For each bit i, a stability metric can be defined, e.g. from repeated measurements:

p_i = P(b_i stable)

Typical approaches:

Variance analysis across multiple captures
Signal-to-noise ratio (SNR)
Hamming distance between repetitions

Only bits with high stability are kept:

b_stable = select(b, p_i > threshold)

This greatly reduces the effective error rate and eases the demands on the error correction code.

Fuzzy extractor—linking biometrics and cryptography

Modern systems often use the fuzzy extractor concept.

The idea: derive a stable cryptographic key from noisy biometric data.

The process has two phases:

Enrollment:
b → (w, helper data)
Reconstruction:
r + helper data → b → key

The helper data contain information from the error correction code without revealing the key itself.

Typically:

w = Hash(b)

and the error correction code ensures that the same b is reconstructed despite noise.
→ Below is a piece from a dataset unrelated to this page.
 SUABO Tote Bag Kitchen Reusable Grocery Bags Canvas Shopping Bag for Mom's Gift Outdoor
Which error correction codes suit VisuKey?

The choice of code depends strongly on the error rate and structure of the data.

1. Hamming codes

very efficient (low redundancy)
correct only 1 bit error
suitable only for very stable data

→ Usually too weak for biometric systems.
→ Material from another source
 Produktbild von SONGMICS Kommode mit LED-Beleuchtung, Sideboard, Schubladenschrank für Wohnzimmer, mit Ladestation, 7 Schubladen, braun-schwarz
2. BCH codes (used in VisuKey)

correct multiple bit errors (t configurable)
flexible parameters (n, k, t)
well analyzed and efficiently implementable

A BCH code satisfies:

d_min ≥ 2t + 1

→ can reliably correct t errors

Typical example:

(255, 131, t=15)

→ suitable for moderate noise levels in embeddings

3. LDPC codes

very strong at high error rates
iterative decoding
higher implementation effort

→ interesting for future versions with heavier noise

4. Reed–Solomon codes

operate on symbols rather than bits
robust to burst errors

→ less suitable for binarized embeddings

Why BCH codes are a good fit for VisuKey

In VisuKey, errors typically appear as distributed bit flips from small image changes.
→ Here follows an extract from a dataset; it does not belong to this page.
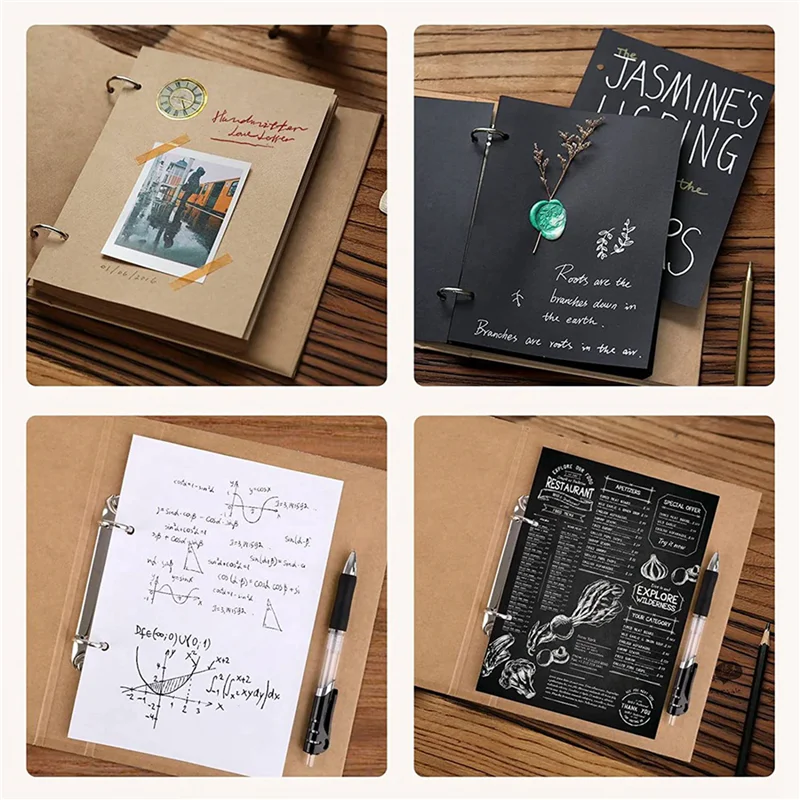 4Pcs A5 Refillable Ring Binder,A5 Kraft Paper Binder Tray With 2 Rings To Add Loose Sheets,A5 Kraft Paper Folders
BCH code properties match this well:

errors are randomly distributed → BCH is a good fit
moderate error rate → no need for LDPC
deterministic decoding → stable output

BCH codes also combine well with bit selection:

effective error rate ↓ → smaller t is enough

Combined flow in VisuKey

Capture image
Compute embedding (e.g. 512-dim)
Binarization → b
Select stable bits → b_stable
Apply BCH encoding
Store helper data
Derive key (hash)

When reading again:

new r is produced
error correction reconstructs b
the same key is produced

Conclusion

Error correction codes are the central piece that turns noisy biometric data into stable cryptographic keys.

BCH codes in particular offer a strong balance of efficiency, correction capability, and implementability.

Combining signal processing, statistical bit selection, and coding theory makes it possible to build reliable, secure authentication from fuzzy real-world measurements—as in VisuKey.

Author: Ruedi von Kryentech

Created: 6 Apr 2026 · Last updated: 6 Apr 2026

Technical content as of the last update.